Problem details:
Copy out all of the entries, keeping every word the same.

Recorded information:
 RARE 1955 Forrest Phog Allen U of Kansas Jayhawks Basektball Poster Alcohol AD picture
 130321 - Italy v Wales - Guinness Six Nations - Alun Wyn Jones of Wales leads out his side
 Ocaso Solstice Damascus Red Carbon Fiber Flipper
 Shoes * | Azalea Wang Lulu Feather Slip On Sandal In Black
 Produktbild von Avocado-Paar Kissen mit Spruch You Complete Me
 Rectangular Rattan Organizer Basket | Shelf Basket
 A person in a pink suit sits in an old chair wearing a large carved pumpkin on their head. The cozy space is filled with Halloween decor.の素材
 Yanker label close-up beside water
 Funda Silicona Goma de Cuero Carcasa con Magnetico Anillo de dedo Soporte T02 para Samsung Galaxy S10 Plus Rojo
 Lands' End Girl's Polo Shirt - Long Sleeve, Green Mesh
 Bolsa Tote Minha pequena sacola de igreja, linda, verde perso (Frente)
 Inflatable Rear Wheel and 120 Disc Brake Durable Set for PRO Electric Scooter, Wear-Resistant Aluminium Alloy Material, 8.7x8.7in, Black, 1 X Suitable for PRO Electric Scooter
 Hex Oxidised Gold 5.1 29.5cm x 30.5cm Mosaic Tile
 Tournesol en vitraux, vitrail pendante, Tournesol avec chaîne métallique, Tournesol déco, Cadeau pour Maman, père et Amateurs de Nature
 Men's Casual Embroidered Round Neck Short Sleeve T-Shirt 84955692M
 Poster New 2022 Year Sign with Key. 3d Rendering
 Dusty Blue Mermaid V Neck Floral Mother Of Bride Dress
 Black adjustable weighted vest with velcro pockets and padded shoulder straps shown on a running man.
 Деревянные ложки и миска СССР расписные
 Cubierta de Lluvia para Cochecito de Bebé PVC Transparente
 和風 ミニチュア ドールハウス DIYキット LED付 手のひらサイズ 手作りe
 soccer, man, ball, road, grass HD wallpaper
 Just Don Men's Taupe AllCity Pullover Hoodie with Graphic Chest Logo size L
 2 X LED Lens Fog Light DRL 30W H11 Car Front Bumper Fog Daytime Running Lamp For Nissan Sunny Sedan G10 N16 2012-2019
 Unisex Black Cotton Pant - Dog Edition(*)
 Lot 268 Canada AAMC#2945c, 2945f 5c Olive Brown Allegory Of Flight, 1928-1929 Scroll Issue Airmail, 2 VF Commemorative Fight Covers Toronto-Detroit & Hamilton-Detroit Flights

Result of the exercise:
 RARE 1955 Forrest Phog Allen U of Kansas Jayhawks Basektball Poster Alcohol AD picture
 130321 - Italy v Wales - Guinness Six Nations - Alun Wyn Jones of Wales leads out his side
 Ocaso Solstice Damascus Red Carbon Fiber Flipper
 Shoes * | Azalea Wang Lulu Feather Slip On Sandal In Black
 Produktbild von Avocado-Paar Kissen mit Spruch You Complete Me
 Rectangular Rattan Organizer Basket | Shelf Basket
 A person in a pink suit sits in an old chair wearing a large carved pumpkin on their head. The cozy space is filled with Halloween decor.の素材
 Yanker label close-up beside water
 Funda Silicona Goma de Cuero Carcasa con Magnetico Anillo de dedo Soporte T02 para Samsung Galaxy S10 Plus Rojo
 Lands' End Girl's Polo Shirt - Long Sleeve, Green Mesh
 Bolsa Tote Minha pequena sacola de igreja, linda, verde perso (Frente)
 Inflatable Rear Wheel and 120 Disc Brake Durable Set for PRO Electric Scooter, Wear-Resistant Aluminium Alloy Material, 8.7x8.7in, Black, 1 X Suitable for PRO Electric Scooter
 Hex Oxidised Gold 5.1 29.5cm x 30.5cm Mosaic Tile
 Tournesol en vitraux, vitrail pendante, Tournesol avec chaîne métallique, Tournesol déco, Cadeau pour Maman, père et Amateurs de Nature
 Men's Casual Embroidered Round Neck Short Sleeve T-Shirt 84955692M
 Poster New 2022 Year Sign with Key. 3d Rendering
 Dusty Blue Mermaid V Neck Floral Mother Of Bride Dress
 Black adjustable weighted vest with velcro pockets and padded shoulder straps shown on a running man.
 Деревянные ложки и миска СССР расписные
 Cubierta de Lluvia para Cochecito de Bebé PVC Transparente
 和風 ミニチュア ドールハウス DIYキット LED付 手のひらサイズ 手作りe
 soccer, man, ball, road, grass HD wallpaper
 Just Don Men's Taupe AllCity Pullover Hoodie with Graphic Chest Logo size L
 2 X LED Lens Fog Light DRL 30W H11 Car Front Bumper Fog Daytime Running Lamp For Nissan Sunny Sedan G10 N16 2012-2019
 Unisex Black Cotton Pant - Dog Edition(*)
 Lot 268 Canada AAMC#2945c, 2945f 5c Olive Brown Allegory Of Flight, 1928-1929 Scroll Issue Airmail, 2 VF Commemorative Fight Covers Toronto-Detroit & Hamilton-Detroit Flights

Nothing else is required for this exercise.